### PROBLEM:
Look through the data below for the string "like", and copy every line where it turns up.

### RECORDS PROVIDED:

_ _ _ _ _ _ _

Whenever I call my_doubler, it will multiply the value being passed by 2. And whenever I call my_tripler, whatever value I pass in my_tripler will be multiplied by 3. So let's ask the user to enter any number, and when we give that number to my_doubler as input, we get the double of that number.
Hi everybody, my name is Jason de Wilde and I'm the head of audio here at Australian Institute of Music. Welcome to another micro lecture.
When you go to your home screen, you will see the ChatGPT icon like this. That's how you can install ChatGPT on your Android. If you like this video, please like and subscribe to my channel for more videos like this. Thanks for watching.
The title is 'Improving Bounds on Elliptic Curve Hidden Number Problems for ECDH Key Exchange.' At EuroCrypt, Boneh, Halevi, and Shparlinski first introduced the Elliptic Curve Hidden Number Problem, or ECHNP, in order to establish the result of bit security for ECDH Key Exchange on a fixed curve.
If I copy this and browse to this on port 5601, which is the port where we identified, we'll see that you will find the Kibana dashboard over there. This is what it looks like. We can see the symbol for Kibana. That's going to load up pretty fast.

_ _ _ _ _ _ _

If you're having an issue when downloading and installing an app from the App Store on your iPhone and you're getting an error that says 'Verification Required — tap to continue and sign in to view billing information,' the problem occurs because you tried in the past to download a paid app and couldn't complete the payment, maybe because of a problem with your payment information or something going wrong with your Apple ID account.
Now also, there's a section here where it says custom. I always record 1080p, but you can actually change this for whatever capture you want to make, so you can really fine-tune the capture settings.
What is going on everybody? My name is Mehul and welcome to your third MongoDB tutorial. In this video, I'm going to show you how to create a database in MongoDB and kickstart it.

_ _ _ _ _ _ _

### ANSWER AREA:
When you go to your home screen, you will see the ChatGPT icon like this. That's how you can install ChatGPT on your Android. If you like this video, please like and subscribe to my channel for more videos like this. Thanks for watching.
If I copy this and browse to this on port 5601, which is the port where we identified, we'll see that you will find the Kibana dashboard over there. This is what it looks like. We can see the symbol for Kibana. That's going to load up pretty fast.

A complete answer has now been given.